"""
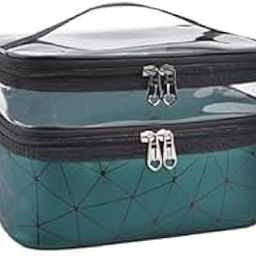 PVC Transparent Makeup Bags Double Layer Travel Cosmetic Cases Make Up Organizer Toiletry Bag with 2 Zipper for Women & Girl (Diamond Green)-image-17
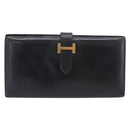 HERMES Bean Long Wallet Leather Black Gold Tone Auth bs37904-2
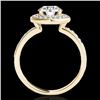 Image 2 : 1.5 CTW H-SI/I Certified Diamond Solitaire Halo Ring 10K Yellow Gold - REF-171M8F - 34380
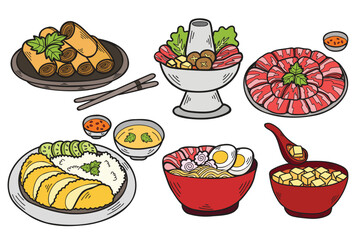 Hand Drawn chinese food collection in flat style illustration for business ideas
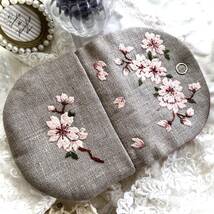 ♪はんど刺繍*蓋型丸みなケース*桜*春一番“リネンポーチ*handmade_画像5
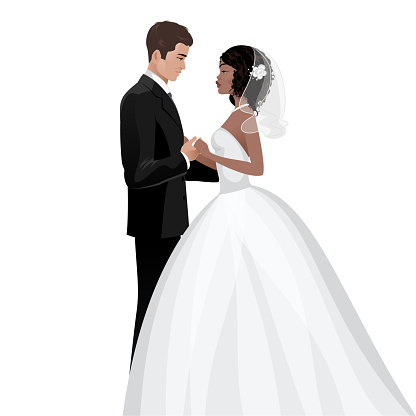 Interracial couple wedding day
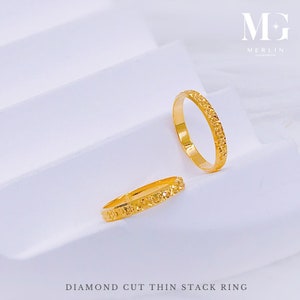 22k 916 Gold Diamond Cut Thin Stack Ring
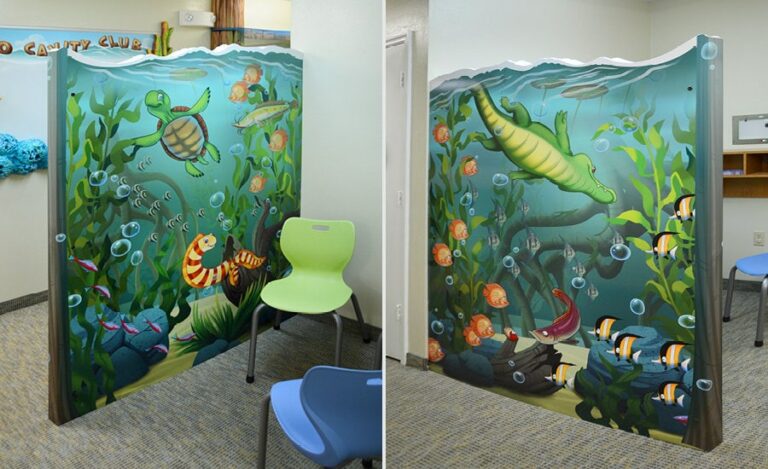 bright schools of sculpted fish swimming in a kept forest for large divider wall art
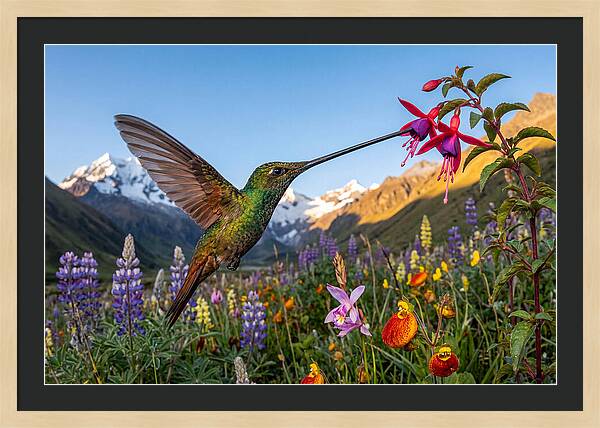 Sword Billed Hummingbird Feeding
"""
Exercise instructions:
Your answer should be the lines above from the one that contains "Hand Drawn chinese" through the last, set down exactly, with the pictures removed.

Written response:
 Hand Drawn chinese food collection in flat style illustration for business ideas
 ♪はんど刺繍*蓋型丸みなケース*桜*春一番“リネンポーチ*handmade_画像5
 Interracial couple wedding day
 22k 916 Gold Diamond Cut Thin Stack Ring
 bright schools of sculpted fish swimming in a kept forest for large divider wall art
 Sword Billed Hummingbird Feeding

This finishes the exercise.